Additional interesting infos:
- SiLA 2 Hands-on https://firstname.lastname@example.org/sila-2-hands-on-bringing-automation-to-the-laboratory-dacc12df7152
- Workflow orchestration based on BPMN with Camunda as a component in http://unitelabs.ch/technology/control-software
- Roche’s Camunda-based AutoLab software https://www.youtube.com/watch?v=B-LU1Tq7qYw
- Autonomous lab Robot running on SiLA https://www.linkedin.com/posts/bryn-roberts-685171_labautomation-robotic-autonomous-activity-6582897402808676353-b4TK
With SiLA Discovery, setting up a lab is like a breeze – It just happens on its own.
If the current lab setup is not satisfying or does not fit the needs, change will not be a question. It will be an answer. No project will be postponed for weeks – Instead, using multi-client support, ad-hoc automation different setups can be tested within minutes.
If wanted, a laboratory can be extended and used from everywhere. Simply use a smartphone or computer anywhere in the world and access your laboratory through an established communication channel.

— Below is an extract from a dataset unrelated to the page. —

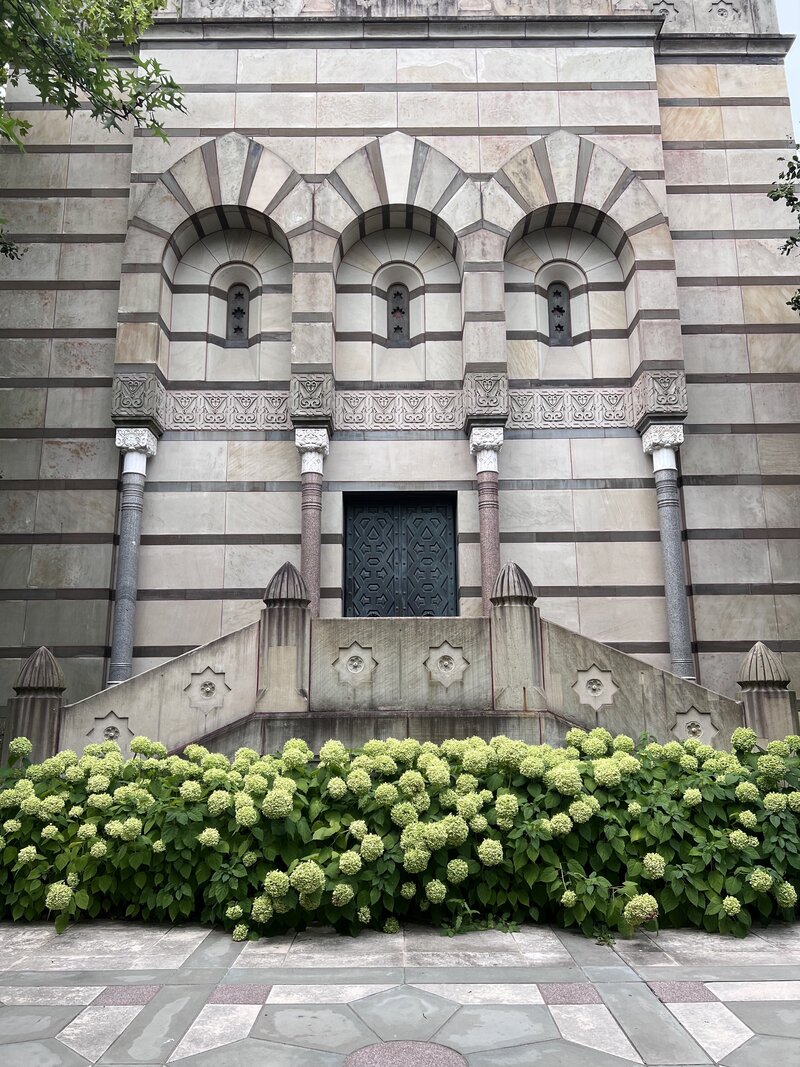 Architectural building with hydrangeas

Sharing data between different laboratories is trivial with SiLA. The vendor independant standard enables worldwide data exchange without any data formatting trouble.
Simply integrate existing systems in another LIMS using simple zero-configuration proccesses provided by SiLA. This way, in bigger lab compounds, a flexible ecosystem can be used to share not only data but also whole lab systems without restricting or changing the original laboratory.
As long as the SiLA Servers are not already busy, they can be used by several LIMS simultaneously, meaning the need for new products is often satisfied by sharing what already exists.